The next few days were warm and sunny—as Taylor had promised—and the five of us spent them outdoors. Mornings were spent on the golf course that James and Mark were members of and Taylor taught me how to putt the ball straight into the hole from ten feet away. Even though the scene in movies where the guy has to put his arms around the girl to correct her position makes me cringe every single time I watched it, I couldn't deny that it felt pretty damn good to have Taylor's large, tanned hands tweak my hold on the putter. We'd stay on the green until it was time for lunch, and we'd eat on the patios of bistros and small, independent restaurants. At least four of us would eat; Sofia seemed more preoccupied with telling me stories about her son as a small boy than with the chicken salad in front of her.

So, even though Taylor and I didn't have oodles of one-on-one time, I still enjoyed every moment of my trip. After all, I couldn't afford to be greedy. This was his family who saw little of him as it was. The last thing I wanted to do was make him feel like he had to choose between hanging with his family or me. Besides, his parents and uncle were amazing, not to mention that having them as a buffer allowed me to process my feelings for Taylor without having him so up and personal in my space.

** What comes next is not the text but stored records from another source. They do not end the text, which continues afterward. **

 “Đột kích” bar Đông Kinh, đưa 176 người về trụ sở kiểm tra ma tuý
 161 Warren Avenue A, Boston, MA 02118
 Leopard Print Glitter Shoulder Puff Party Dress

Because maybe it had been the headache influencing those L-word feelings, or the fact that Taylor had touched me, really touched me, and was the first boy to ever do so. But when I watched Taylor laugh at something his uncle said while they were golfing, wearing a white polo shirt and navy shorts, I knew that neither of those things were to blame. He had thrown his head back so that the sun caught his strong jawline in the most flattering way and that, coupled with the damp, black curls peeking out from the back of his grey baseball cap, made him the most handsome boy I had ever seen.

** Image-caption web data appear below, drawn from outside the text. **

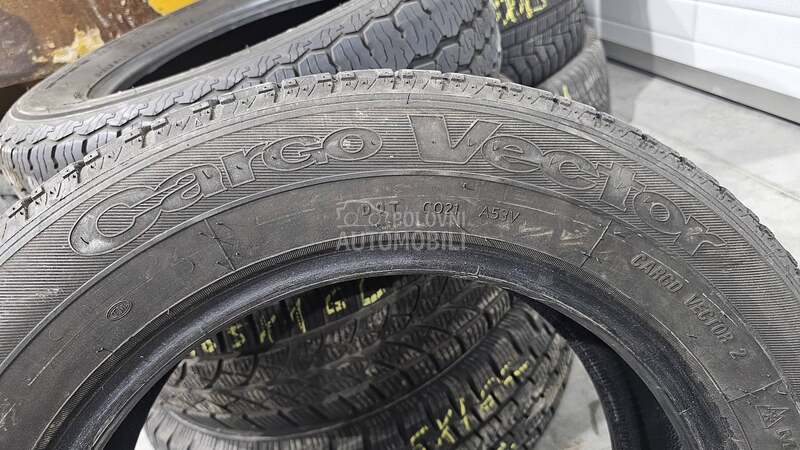 Goodyear 195/65 R16 Zimska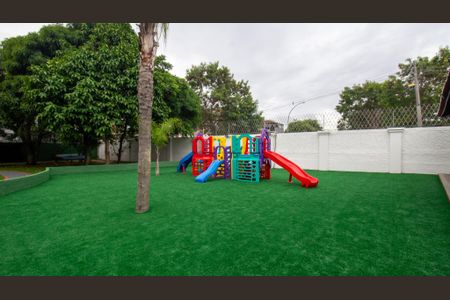 Casa de condomínio à venda com 300m², 4 quartos e 2 vagasÁrea Comum - Playground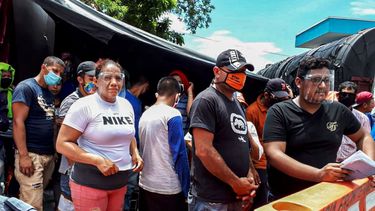 Nicarag&uuml;enses varados en la frontera Costa Rica y Nicaragua.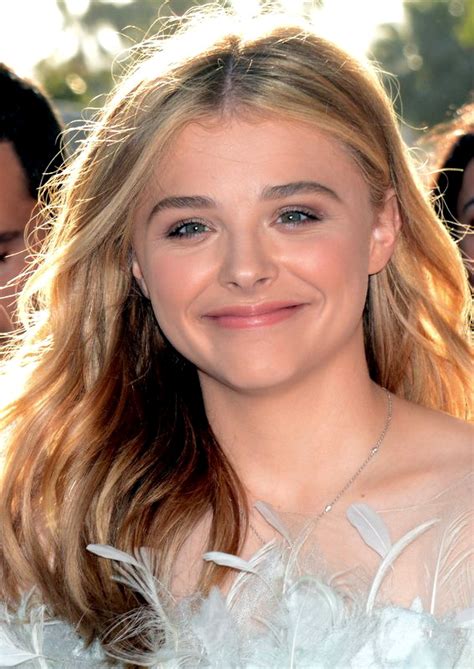 chloe grace moretz weight height measurements ethnicity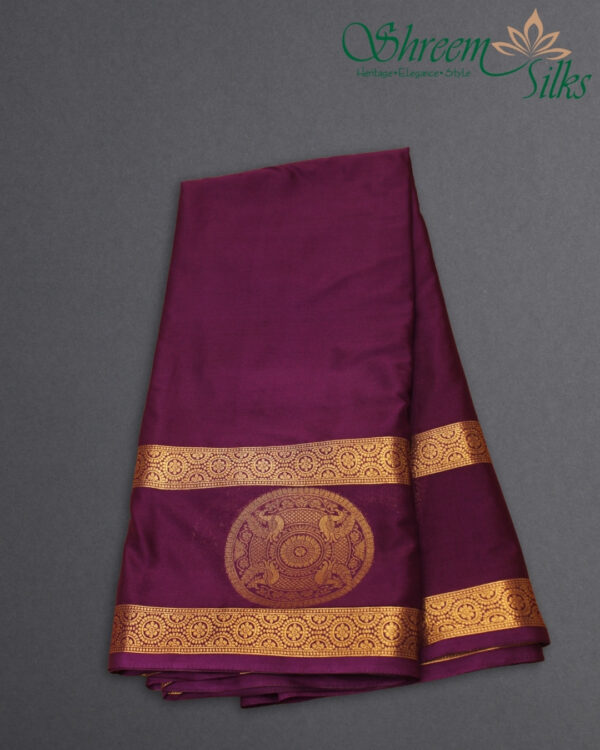 Bentex Border with Big Chakra Motif Semi Mysore Crepe Saree - Image 3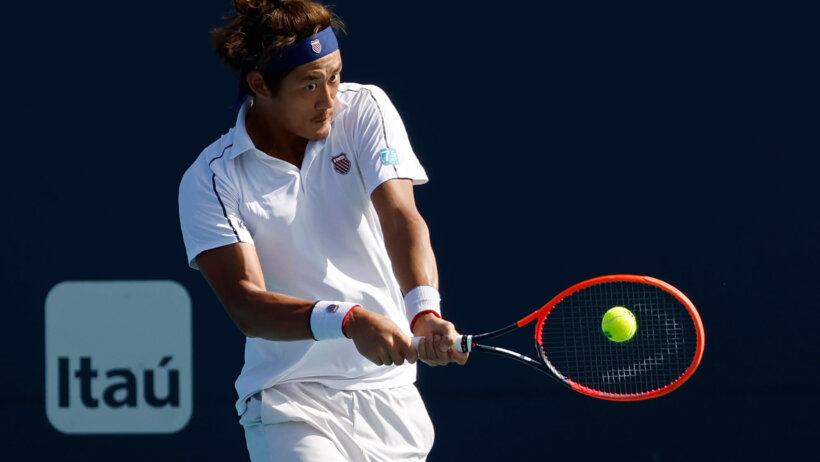 Zhizhen Zhang hitting return shot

I didn't want to look away and truthfully, I probably wouldn't have if I hadn't caught Sofia out of the corner of my eye watching me stare at her son. On that beautiful, fancy golf course, the most empowering feeling simmered in my chest. Love.

On my last day in Pasadena, I packed my things in Taylor's old room feeling in love.

I said goodbye to James, Mark, and Sofia—who made us exchange numbers—feeling in love.